Enviada em 19/10/2021

“O homem é o lobo do homem”. Essa frase do filósofo Thomas Hobbes entra em concordância com o aumento do consumo de álcool e de outras drogas lícitas no contexto da juventude brasileira, uma vez que mostra que o homem é o que mais prejudica a si mesmo. Nesse aspecto, destacam-se duas vertentes: a dependência precoce do jovem e a facilidade de acesso á drogas ilícitas.

Em primeira análise, é importante frisar que os jovens do Brasil estão cada vez mais dependentes de bebidas alcólicas. De acordo com uma pesquisa do Instituto Brasileiro de Geografia e Estatística, somente 30% dos adolescentes entre 13 e 15 anos não experimentou bebidas com álcool, o que resulta em um grande risco para eles, já que não possui maturidade para lidar com esse tipo de consumo e podem se viciar. Dessa forma, uma grande parcela dos jovens está ficando cada vez mais distante de uma vida saudável e duradoura.

Ademais, vale ressaltar que o consumo de álcool e de drogas como cigarro podem resultar na facilidade de acesso às ilicitas.
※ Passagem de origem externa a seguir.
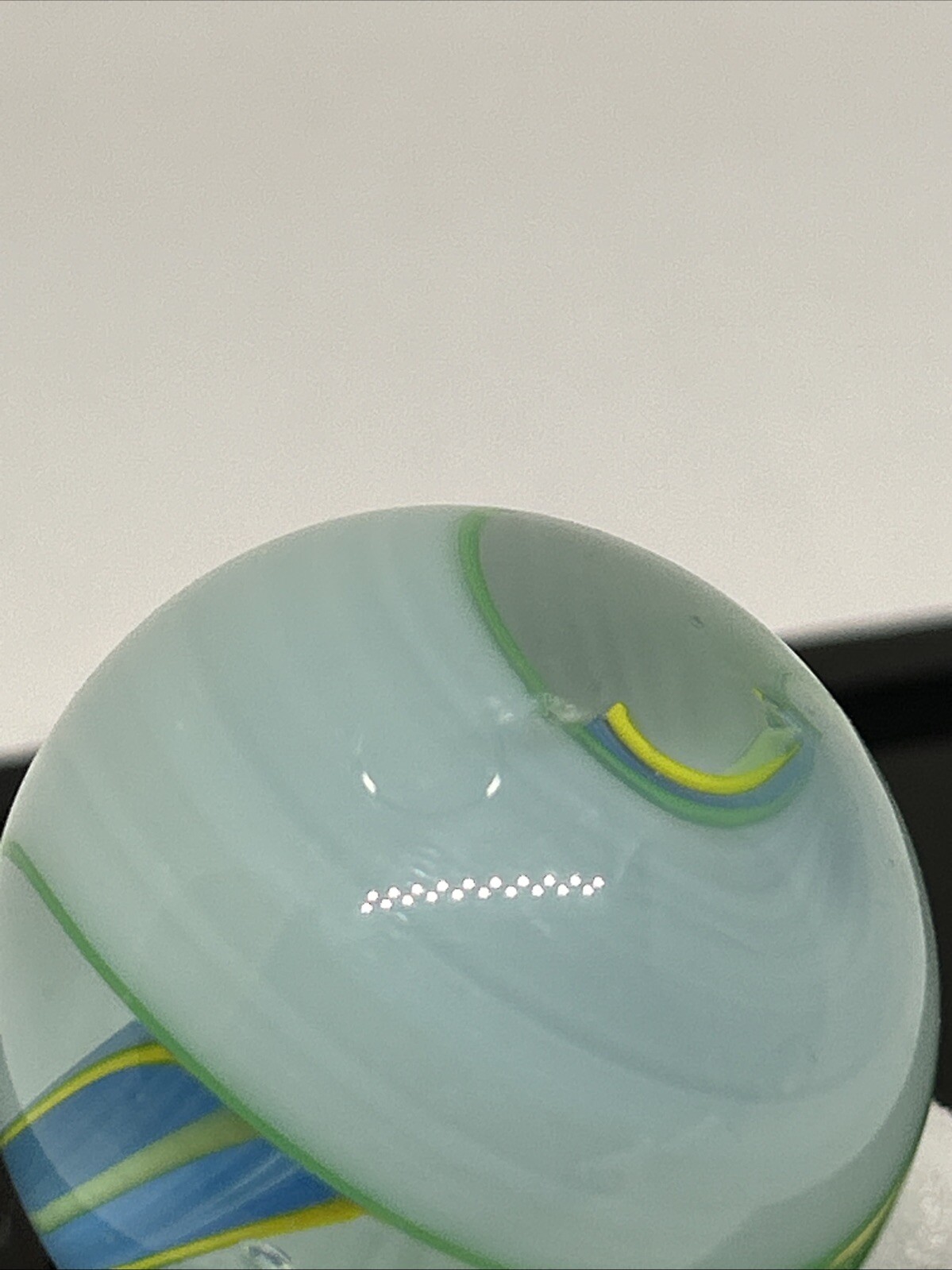 Vintage Large Spiral glass Marble green blue yellow color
Sob essa ótica, o escritor Napoleon Hill disse que uma pessoa é a média das outras que ela mais convive, e isso devido ao fato de que o ser humano é influenciado pelo meio em que está, o que é mais evidente nos adolescentes. Diante disso, é preciso tomar cuidado ao dar liberdade para os jovens, pois podem ter acesso a outras drogas que podem lhes  prejudicar.
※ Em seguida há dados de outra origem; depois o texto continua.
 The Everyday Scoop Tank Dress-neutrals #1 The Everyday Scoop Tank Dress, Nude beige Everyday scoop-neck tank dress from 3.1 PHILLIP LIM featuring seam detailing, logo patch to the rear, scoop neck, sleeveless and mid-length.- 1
Portanto, evidencia-se a necessidade de adotar medidas para diminuir o consumo de bebidas alcólicas e outras drogas no contexto dos jovens. Assim, cabe ao Governo Federal, em conjunto com o Ministério da Saúde e da Educação, fazer palestras sobre vícios e drogras lícitas e ilícitas, por meio de acordos com as escolas e instituições de ensino superiores, com o objetivo de conscientizar e prevenir que os jovens utilizam essas drogas cedo. Somente assim, as consequências das ações do lobo do homem serão diminuidas.